Jesus went to a lot of trouble to help us around this basic impulse. So did Paul. It caused problems, is why, and it ran, as they both pointed out, counter to basic scripture.
But people have done it, this pure-versus-impure thing, for as long as there have been people. It’s something we seem to like to do, down on an anthropological level. If we’re not frightened of Sadducees or eaters of shellfish, we’re afraid of terrorists, or Liberals, or Communists, or people in MAGA hats. They’re impure, and we know that by shunning them, we ourselves will be better, purer, people.
We express this in our religious lives as a need to be righteous. Evangelicals want proof that they are Saved, Mormons have protocols for being Worthy, Catholics fret over being Absolved. All denominations do it. Is there an intrinsic sense of shame in us? That we’re just not good enough as we are (distinct from what we do)? Is this what drives so many of us to church (or drives us away)?
Maybe shame is the very point at which we can dismantle this polarising, oppositional Purity habit we all seem to have.
God told us, in the allegorical story of Adam and Eve, that we were without shame as he made us. Shame is an invention of our own. Far from thinking we’re shameworthy himself, God was outright cross with first this couple in Eden for feeling somehow shamed by themselves.
And yet we do what they did. Every human I’ve ever met (and that includes me) feels a foundational inadequacy, a sort of dirtiness – a basic default setting of being Unworthy. This exists in religious settings and in our lives in general, when we aren’t speaking (knowingly) about religion.
It isn’t necessarily shame over things we’ve done, either. It’s an ontological understanding of ourselves as bad. We are by definition wrong, just kind of out of step with the Universe, as even the spiritual-but-not-religious people like to say. For the religiously-inclined, resigned talk about being part of a fallen world makes this seem all the more correct.
It’s a circular argument, if you think about it. We see bad things in ourselves, as individuals and as a race. We think this confirms a basic badness. Being bad people, of course we do bad things.

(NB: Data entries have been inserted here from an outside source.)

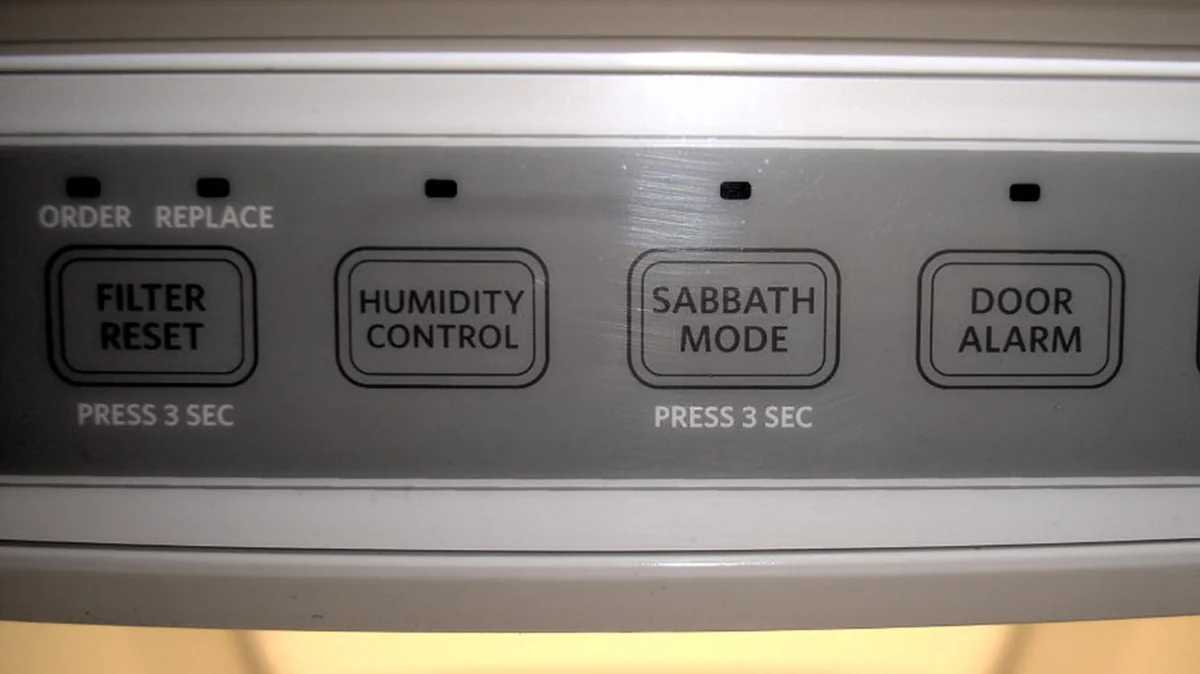 The Intersection of Faith and Technology: Understanding "Sabbath Mode" in Modern Appliances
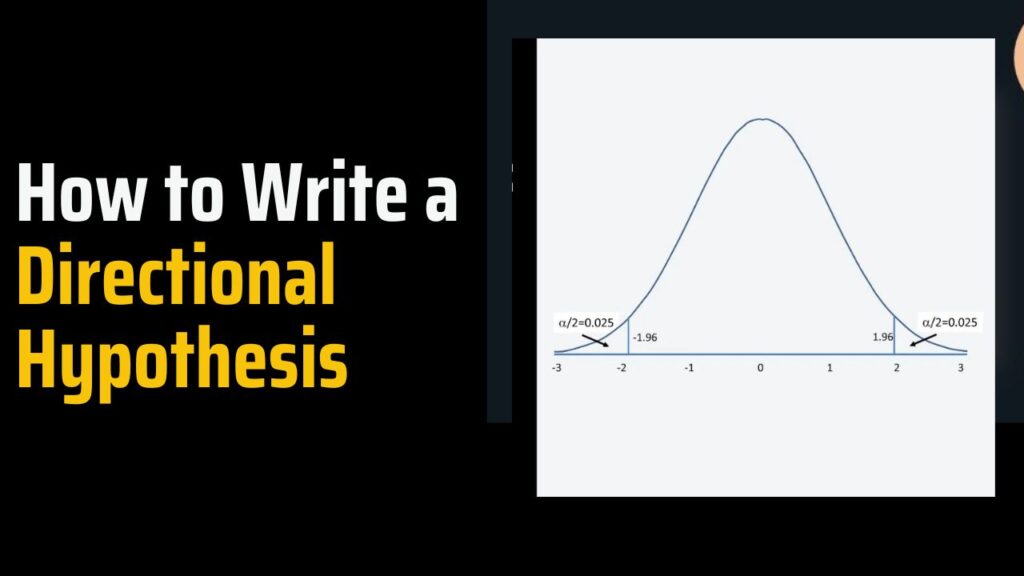 how to write a hypothesis step by step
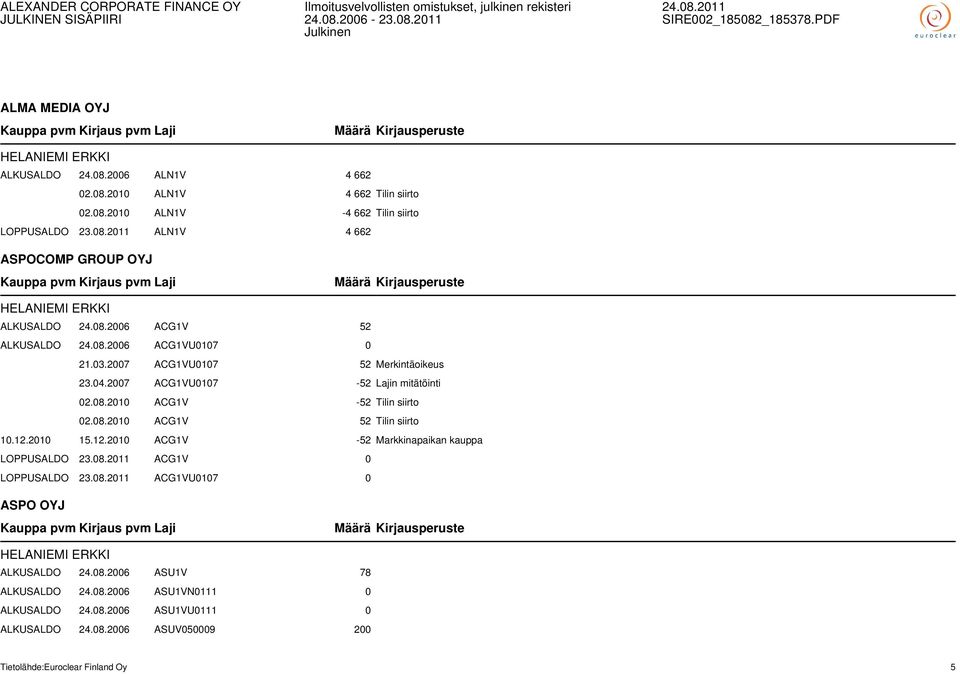 12.2010 15.12.2010 ACG1V -52 Markkinapaikan kauppa LOPPUSALDO 23.08.2011 ACG1V 0 LOPPUSALDO 23.08.2011 ACG1VU0107 0 ASPO OYJ HELANIEMI ERKKI ALKUSALDO 24.08.2006 ASU1V 78 ALKUSALDO 24.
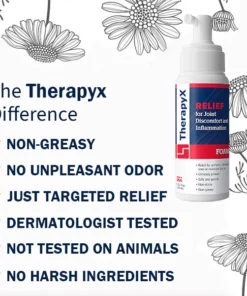 TherapyX™ Joint & Bone Therapy Foam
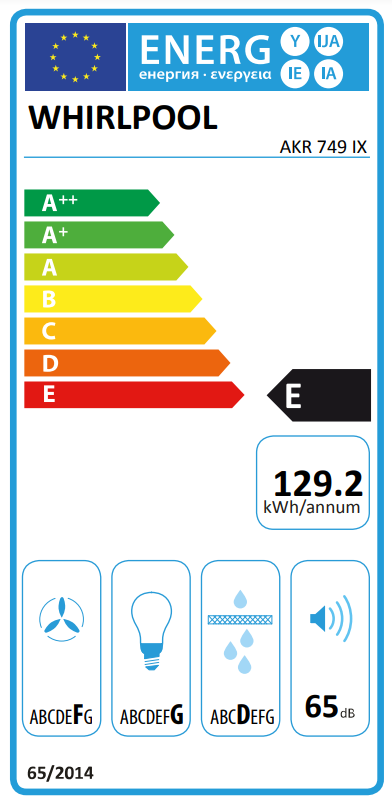 Energetski certifikat 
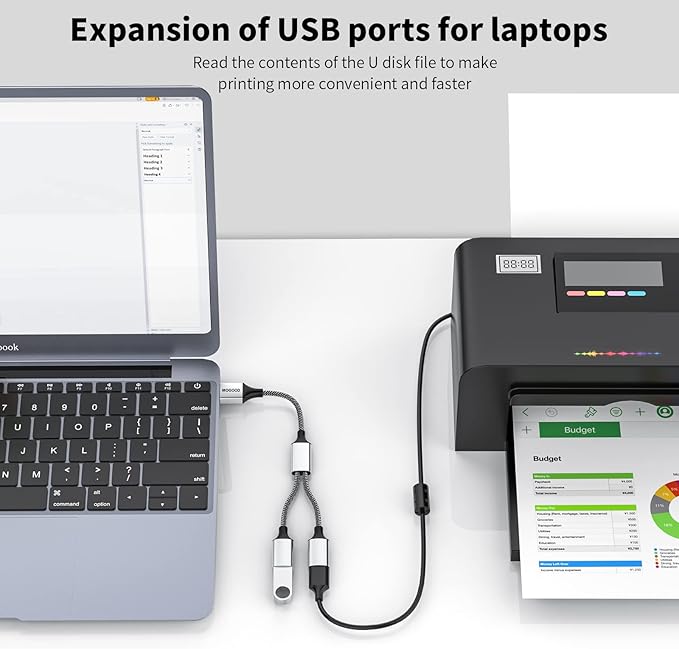 MOGOOD USB 2.0 Adapter, Dual USB Port Extender Hub for Laptop/Mac/Tesla Model 3 Charging/Data Transfer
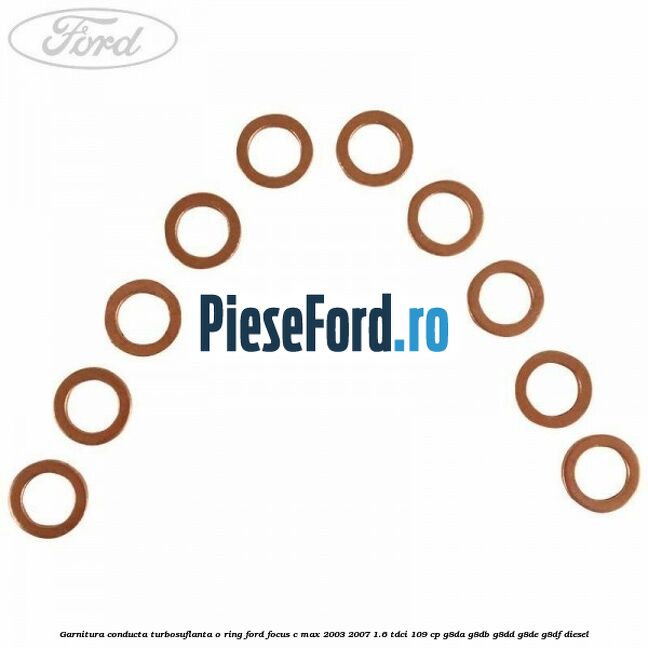 Garnitura conducta turbosuflanta o ring Ford Focus C-Max 2003-2007 1.6 TDCi 109 cp G8DA, G8DB, G8DD, G8DE, G8DF diesel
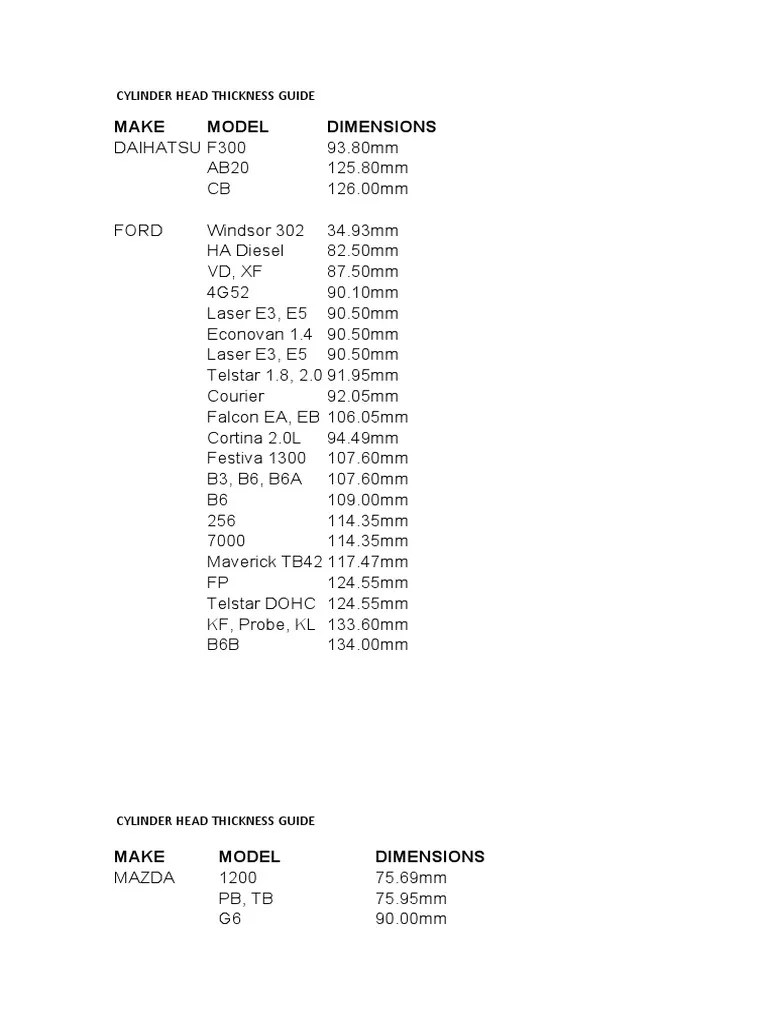 Cylinder Head Thickness Guide PDF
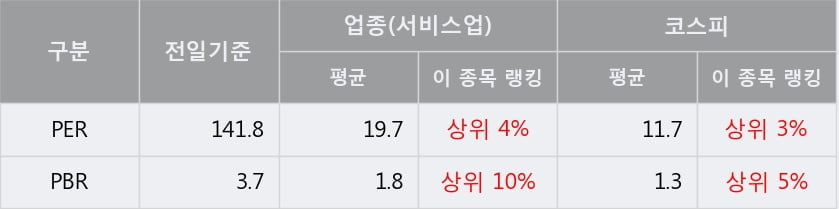 [한경로보뉴스] '동양네트웍스' 5% 이상 상승, 전형적인 상승세, 단기·중기 이평선 정배열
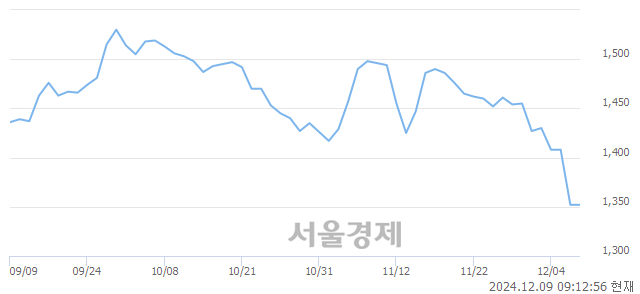 유신일전자, 장중 신저가 기록.. 1,347→1,292(▼55)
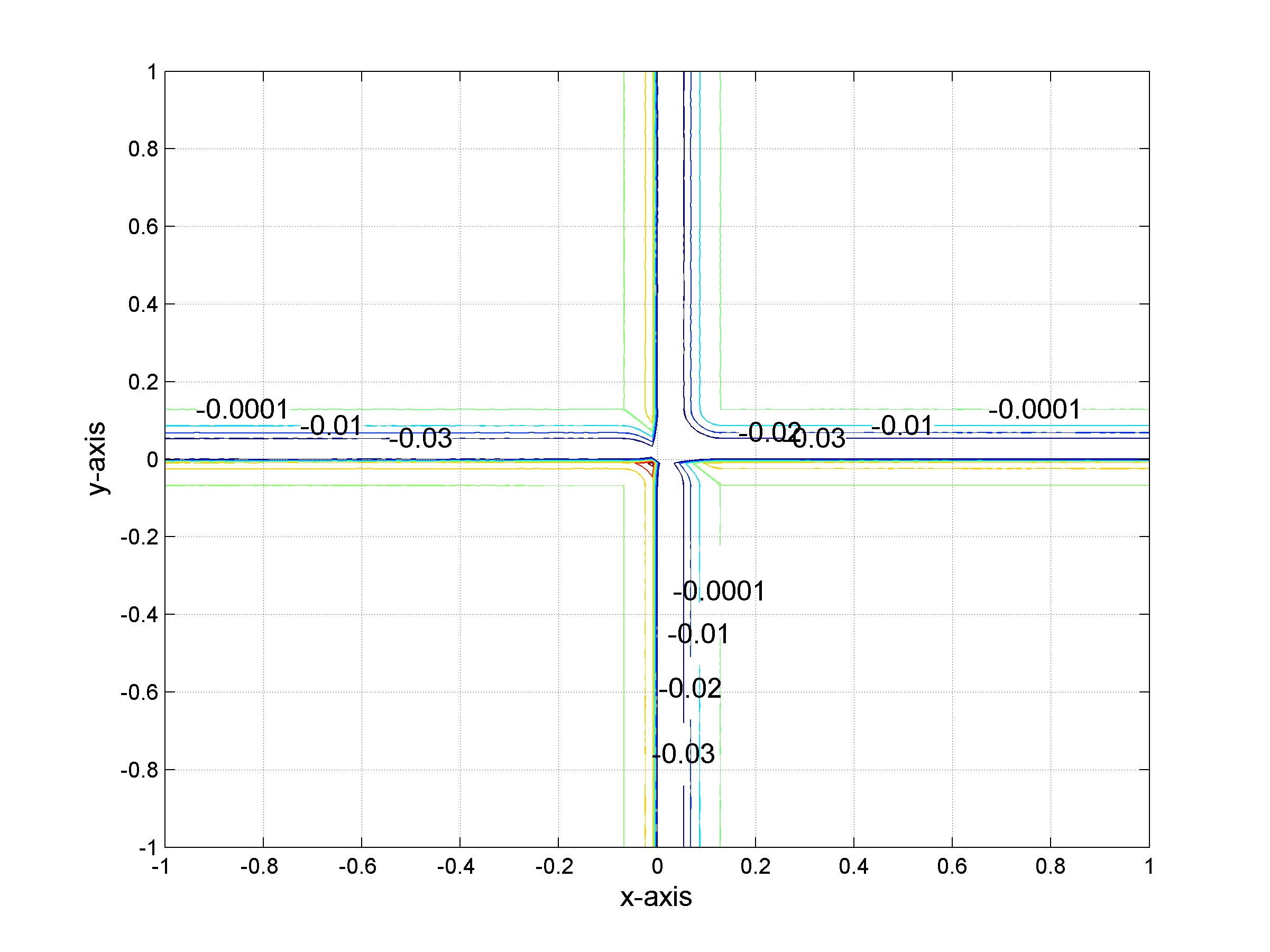 Isoline of the difference between input and smoothed function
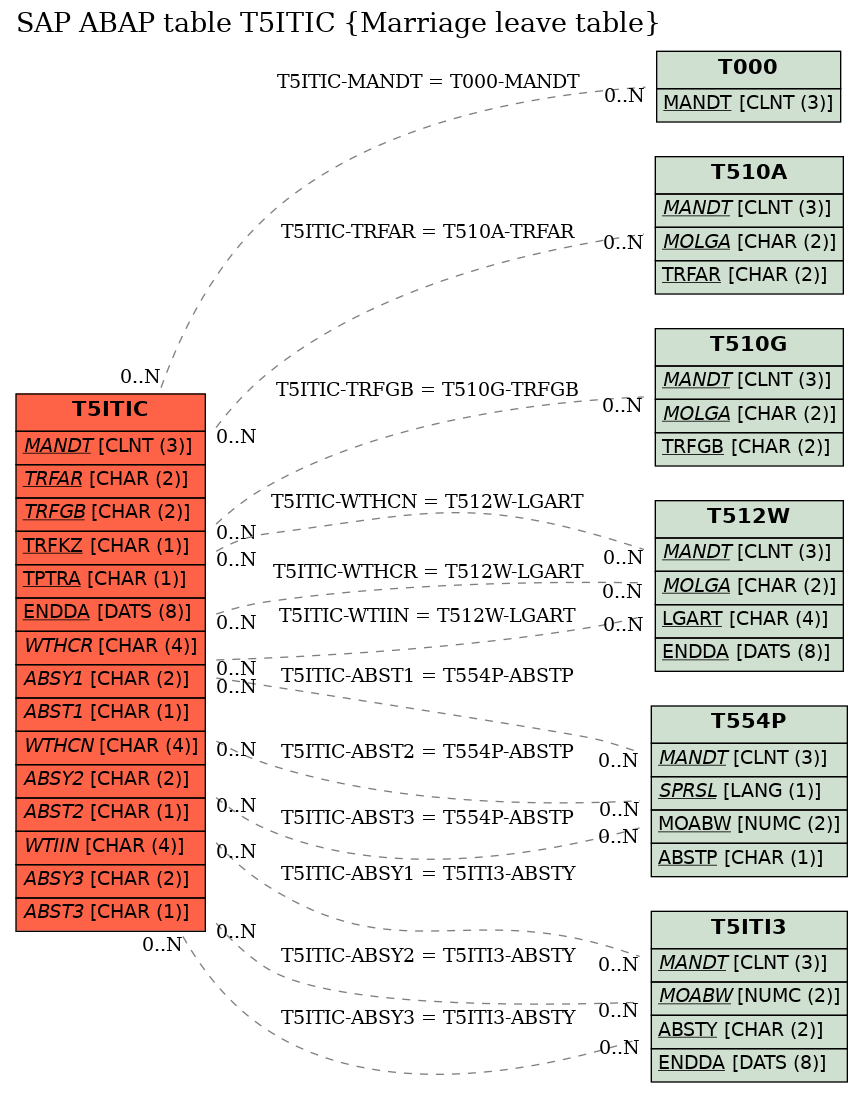 E-R Diagram for table T5ITIC (Marriage leave table)
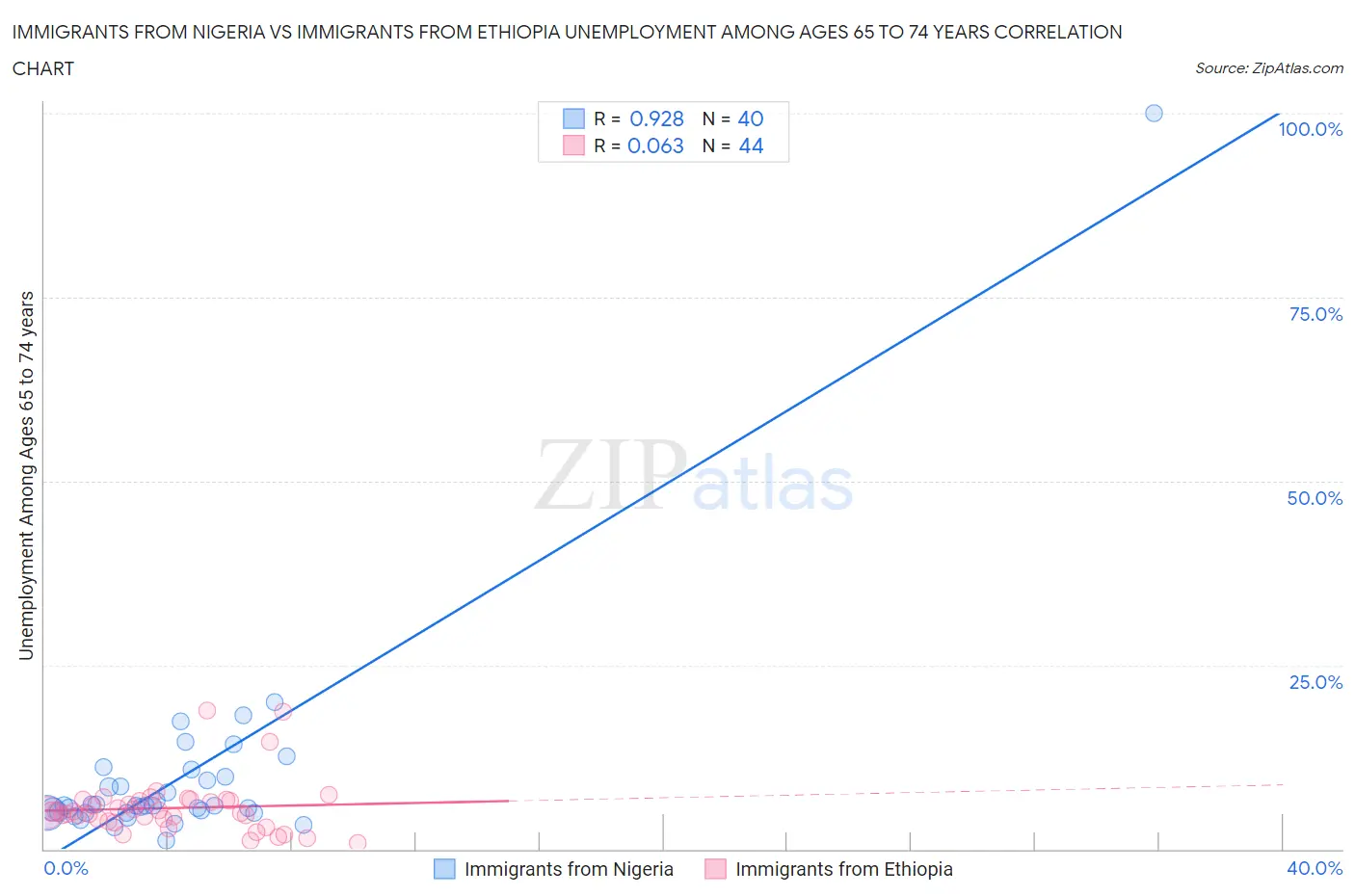 Immigrants from Nigeria vs Immigrants from Ethiopia Unemployment Among Ages 65 to 74 years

And so on.
Our habitual remedy for this is to imagine that if we behave correctly, we will be better people – our definition will change, as it were, and we’ll be free of the shame of being bad. Those of us who are religious have it that we’ll ‘get right with God.’ Right behavior leads to mystical union and transformation.
The Bible has it the other way ‘round. Mystical union in fact makes us behave better. More accurately, it shows us the truth about ourselves: that we are not by definition bad.
For there is an antecedent goodness implied in this scripturally-warranted reality – an assumption that we are, by definition, not at all bad (though, yes, we may do bad things). To put it another way, the shame that we think distances us from God, and that seems so natural to us as part of being human, is an artefact solely of our own construction.